Uncertainty and active learning

Land classification tasks have unique characteristics that differ from other machine learning domains, such as image recognition and natural language processing. The main challenge for land classification is to describe the diversity of the planet’s landscapes in a handful of labels. However, the diversity of the world’s ecosystem makes all classification systems to be biased approximations of reality. As stated by Murphy: “The gradation of properties in the world means that our smallish number of categories will never map perfectly onto all objects” [88]. For this reason, sits provides tools to improve classifications using a process called active learning.

Active learning is an iterative process of sample selection, labeling, and model retraining. The following steps provide a general overview of how to use active learning:

1. Collect initial training samples: Start by collecting a small set of representative training samples that cover the range of land classes of interest.
2. Train a machine learning model: Use the initial training samples to train a machine learning model to classify remote sensing data.
3. Classify the data cube using the model.
4. Identify areas of uncertainty.
5. Select samples for re-labeling: Select a set of unlabeled samples that the model is most uncertain about, i.e., those that the model is least confident in classifying.
6. Label the selected samples: The user labels the selected samples, adding them to the training set.
7. Retrain the model: The model is retrained using the newly labeled samples, and the process repeats itself, starting at step 2.
8. Stop when the classification accuracy is satisfactory: The iterative process continues until the classification accuracy reaches a satisfactory level.

In traditional classification methods, experts provide a set of training samples and use a machine learning algorithm to produce a map. By contrast, the active learning approach puts the human in the loop [89]. At each iteration, an unlabeled set of samples is presented to the user, which assigns classes to them and includes them in the training set [90]. The process is repeated until the expert is satisfied with the result, as shown in Figure 81.

Figure 81: Active learning approach (Source: Crawford et al. (2013). Reproduction under fair use doctrine).
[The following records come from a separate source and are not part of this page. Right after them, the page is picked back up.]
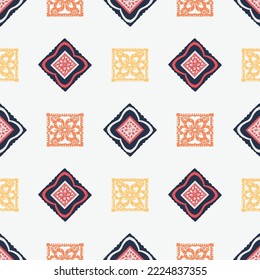 Hand drawn retro block print seamless pattern. Vector 80s vintage wallpaper design for geometric background. Carved bohemian ornamental design. 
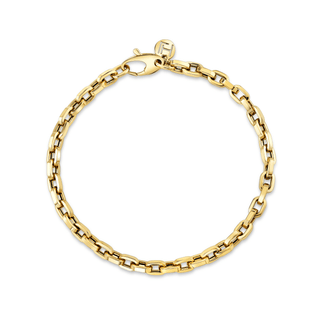 Men's Oval Link Chain Bracelet 7.5" Yellow Gold  by Logan Hollowell Jewelry
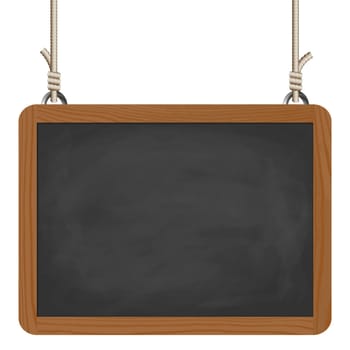 blank black board with wooden frame hanging on ropes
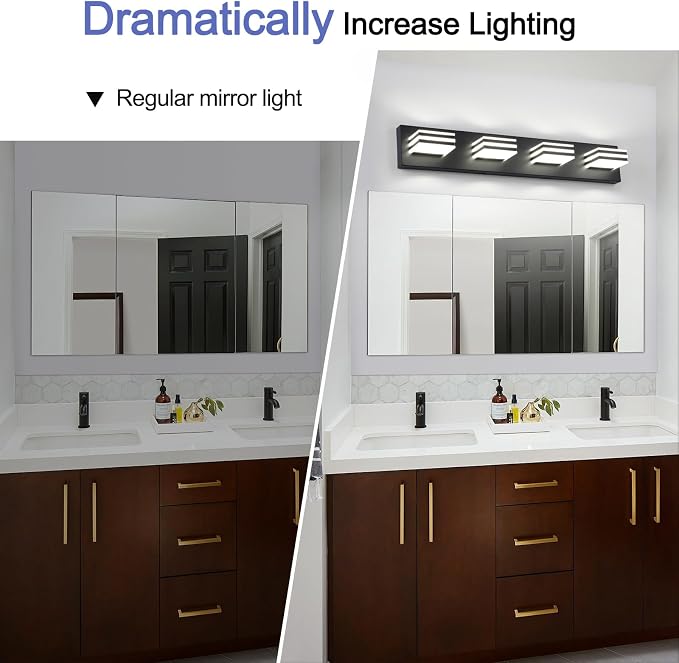 Black Bathroom Light Fixtures 24W Wall Light - Image 3
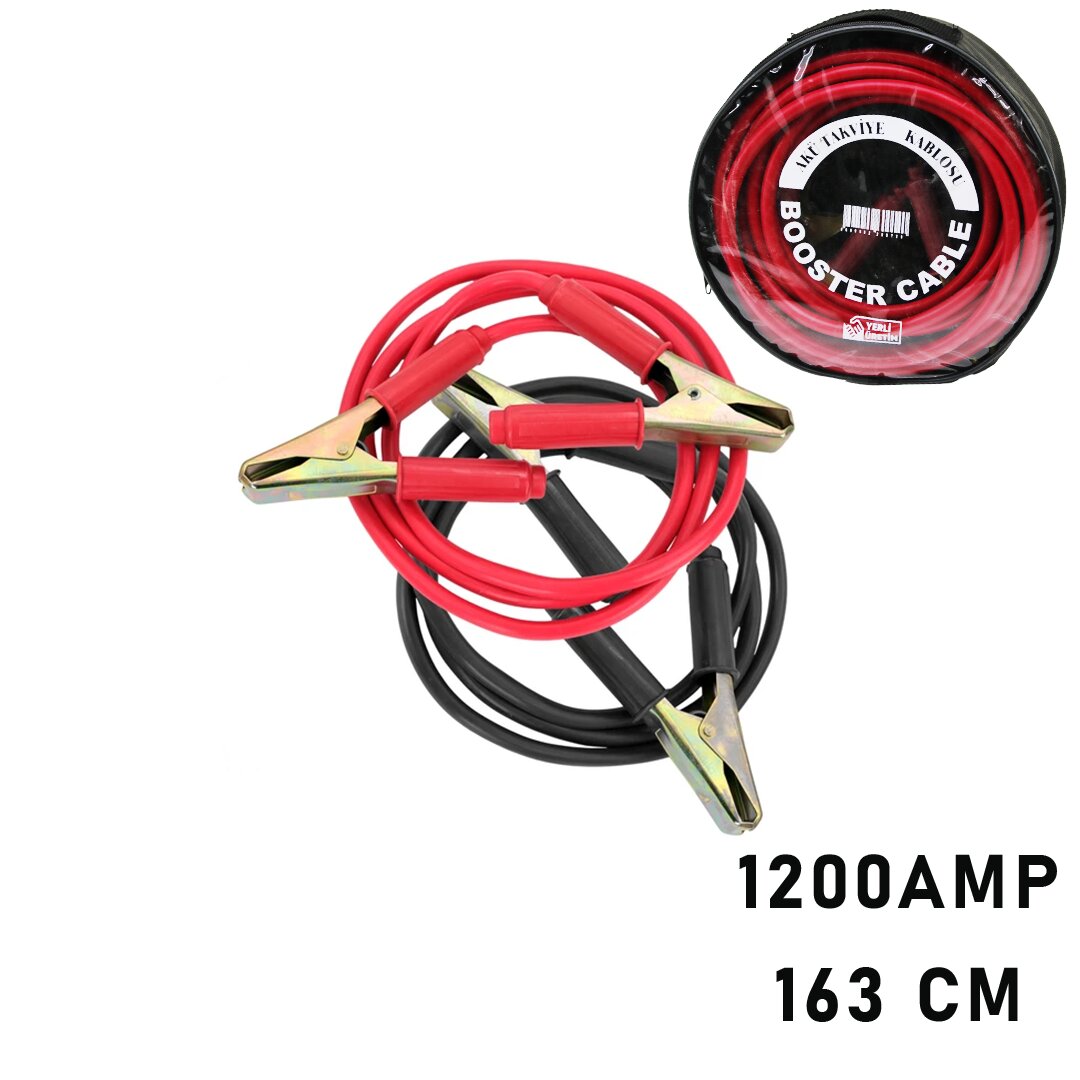 BOOSTER-1212 ( 1200 AMPER ) OTO & ARAÇ AKÜ TAKVİYE KABLOSU SETİ ( 1.63MT ) ( PENCERELİ BEZ ÇANTALI ) *30 BOOSTER-1212 ( 1200 AMPER ) OTO & ARAÇ AKÜ TAKVİYE KABLOSU SETİ ( 1.63MT ) ( PENCERELİ BEZ ÇANTALI ) *30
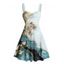 Robe de vacances décontractée à imprimé floral, colorblock, texturée et marbrée, buste froncé, col en cœur, coupe trapèze - Bleu clair XXXXXL | US 20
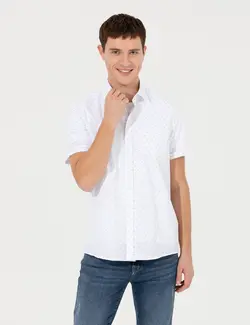 پیراهن آستین کوتاه مردانه یقه برگردان تک جیب سرمه ای پیرکاردین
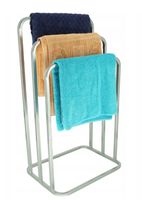 Nowoczesny Stojak Wieszak na Ręczniki 3 Ram Zaokrąglony Metal Loft SREBRNY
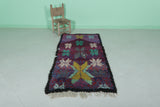 Vibrant Moroccan Berber Rug 2.7 X 6.1 Feet - Handmade Floral Motif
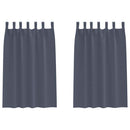 Mørklægningsgardiner med ringe 2 pcs Antracit 175 x 140 cm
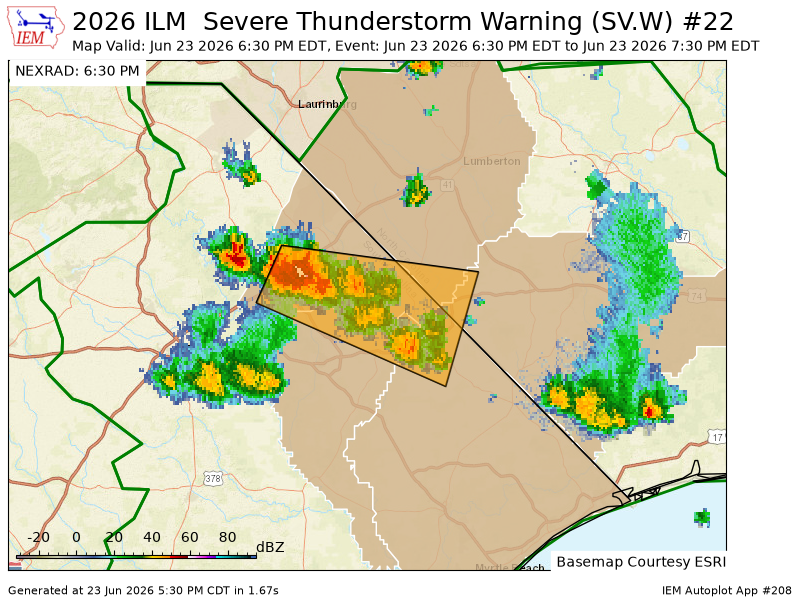 NCWXNOW's tweet photo. ILM issues Severe Thunderstorm Warning [wind: 60 MPH (RADAR INDICATED), hail: 0.75 IN (RADAR INDICATED)] for Columbus, Robeson [NC] and Dillon, Horry, Marion [SC] till Jun 23, 7:30 PM EDT https://t.co/oOCbquUkjc https://t.co/NdCErRrQjF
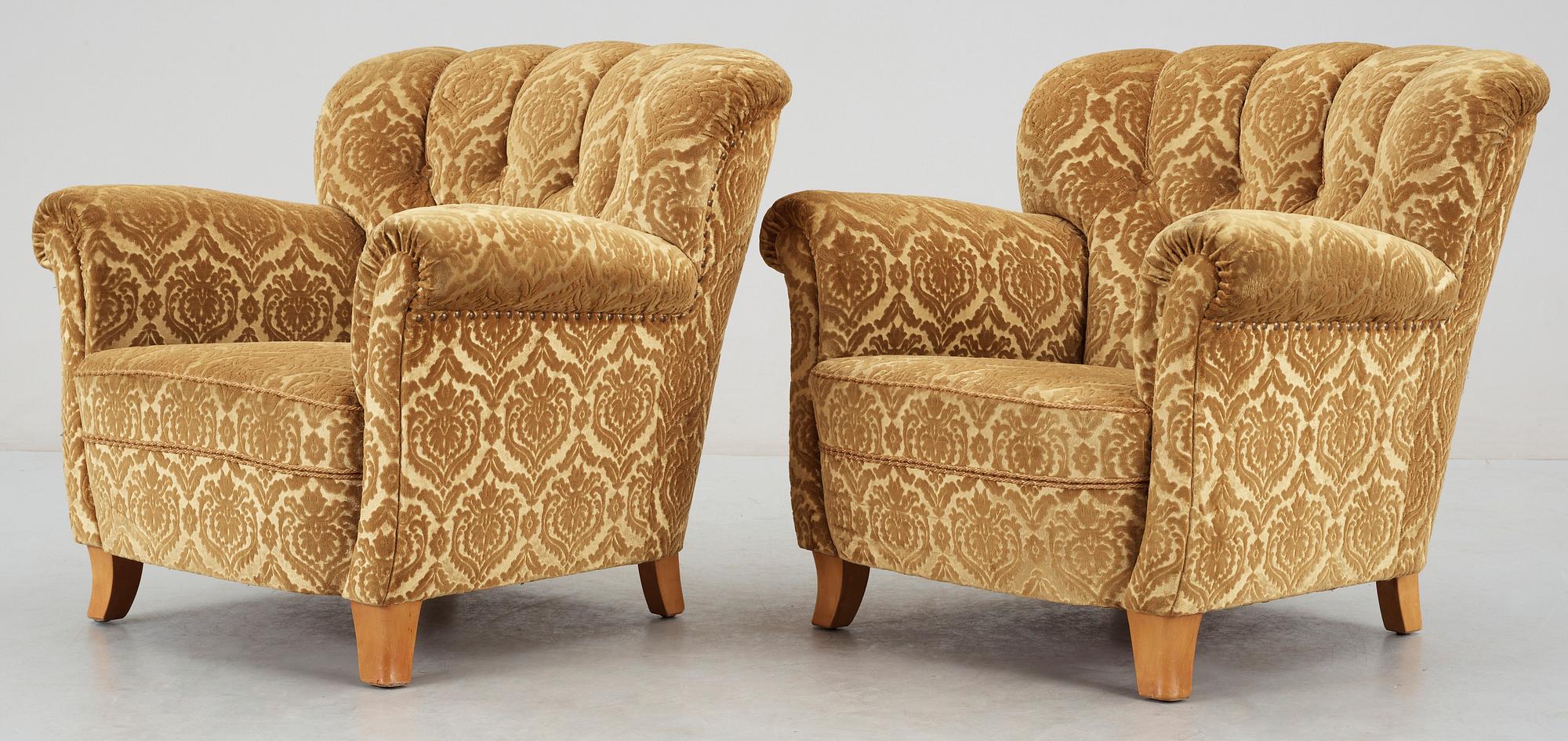 FÅTÖLJER, ett par, 1940-tal.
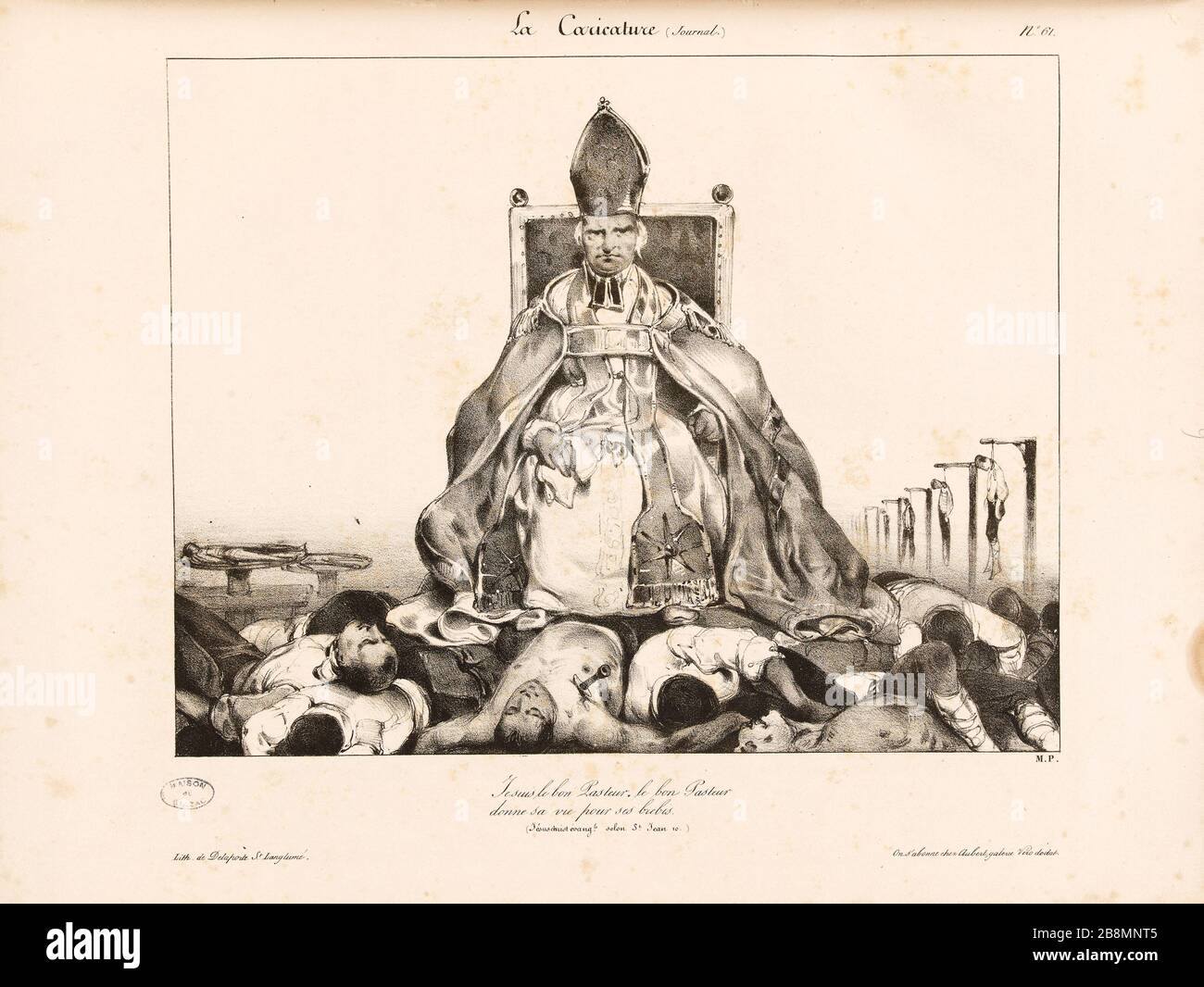 Ich bin der gute Hirte. Pastor Good schenkt seinem Schaf Eugène Modeste Edmond Le Poittevin (1806-1870) sein Leben. Karikatur de Presse. "Je suis le bon Pasteur. le bon Pasteur donne sa vie pour ses brebis". Planche parue dans 'La caricature' du 2 juin im Jahr 1831. Lithographie. Paris, Maison de Balzac. Stockfoto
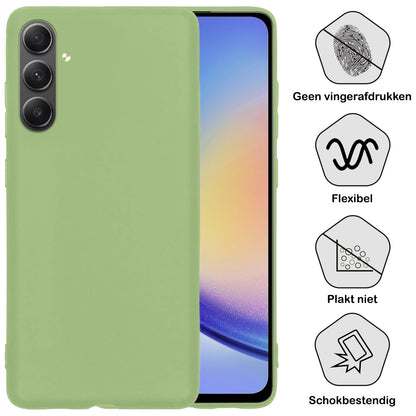 Forterra Samsung A34 Hoesje Siliconen Backcover Lichtgewicht - Groen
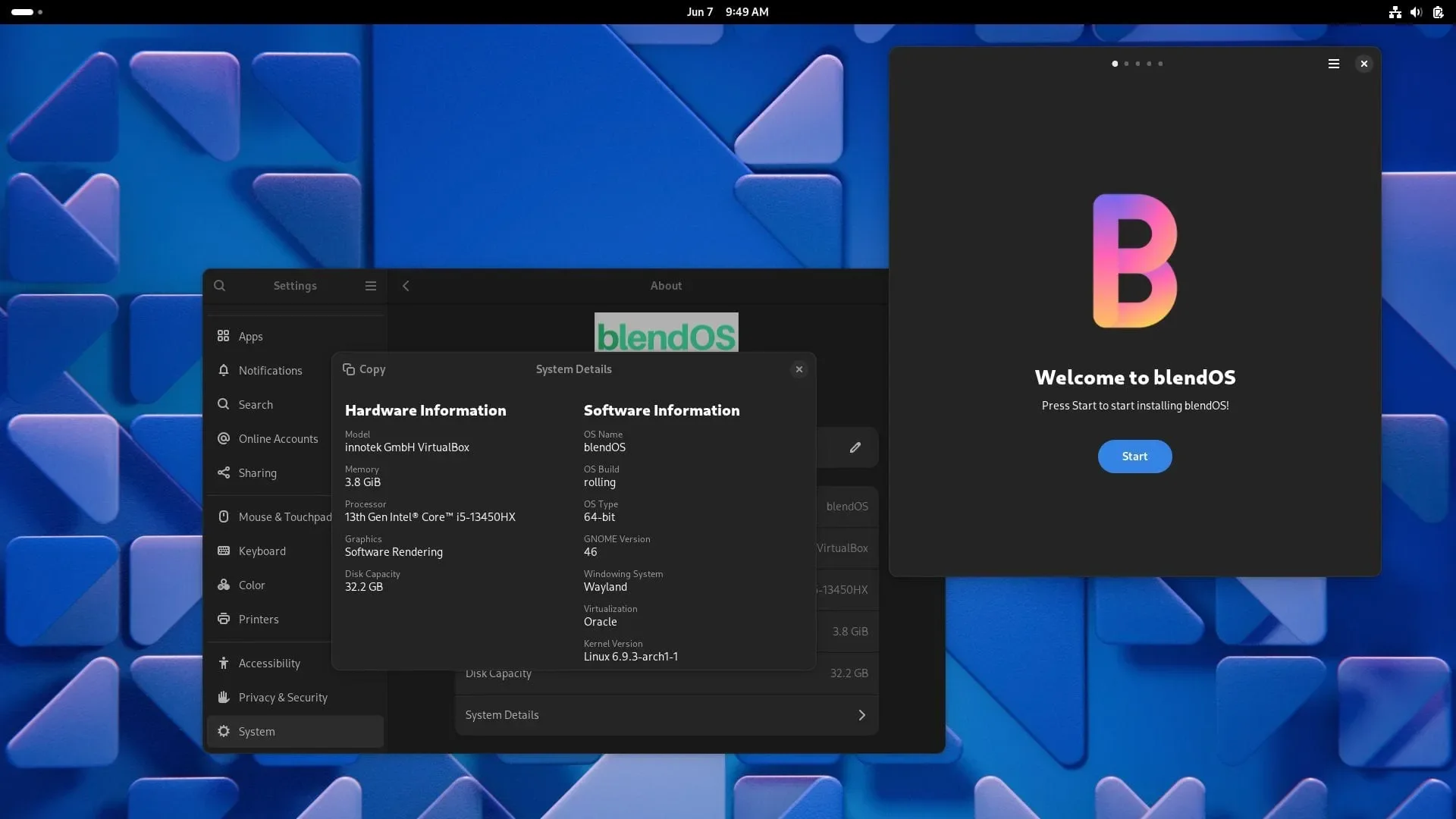 Uma captura de tela do Blendos V4 Desktop View com as janelas de boas-vindas e detalhes do sistema abertas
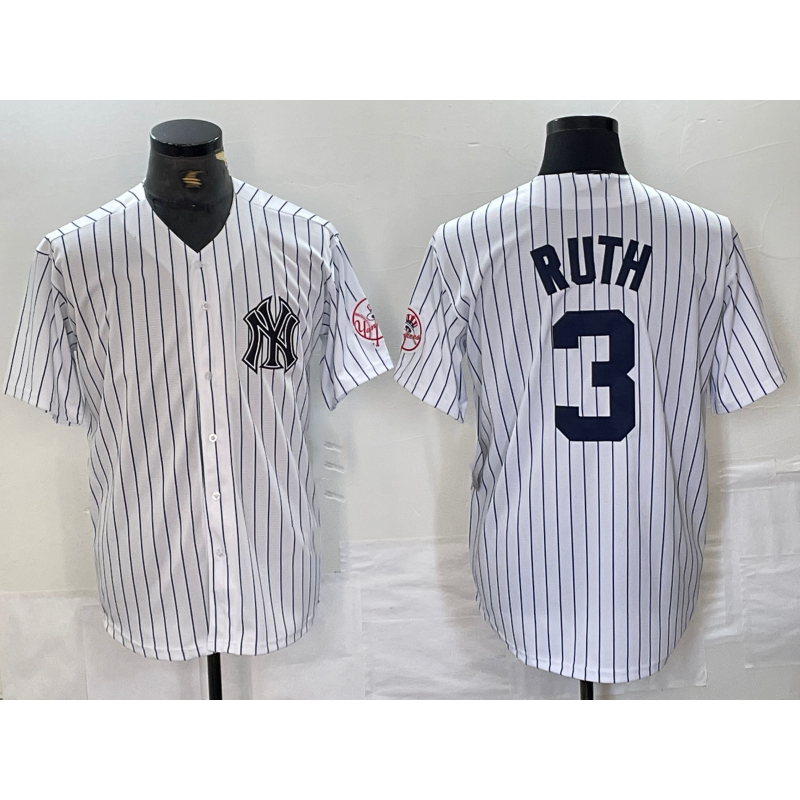 New York Yankees #3 Babe Ruth Name White AmberGomez With Patch 2024 Cool Base Stitched Jersey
Active learning aims to reduce bias and errors in sample selection and, as such, improve the accuracy of the result. At each interaction, experts are asked to review pixels where the machine learning classifier indicates a high uncertainty value. Sources of classification uncertainty include missing classes and or mislabeled samples. In sits, active learning is supported by functions sits_uncertainty() and sits_uncertainty_sampling().

Measuring uncertainty

Uncertainty refers to the degree of doubt or ambiguity in the accuracy of the classification results. Several sources of uncertainty can arise during land classification using satellite data, including:

1. Classification errors: These can occur when the classification algorithm misinterprets the spectral, spatial or temporal characteristics of the input data, leading to the misclassification of land classes.
2. Ambiguity in classification schema: The definition of land classes can be ambiguous or subjective, leading to inconsistencies in the classification results.
3. Variability in the landscape: Natural and human-induced variations in the landscape can make it difficult to accurately classify land areas.
4. Limitations of the data: The quality and quantity of input data can influence the accuracy of the classification results.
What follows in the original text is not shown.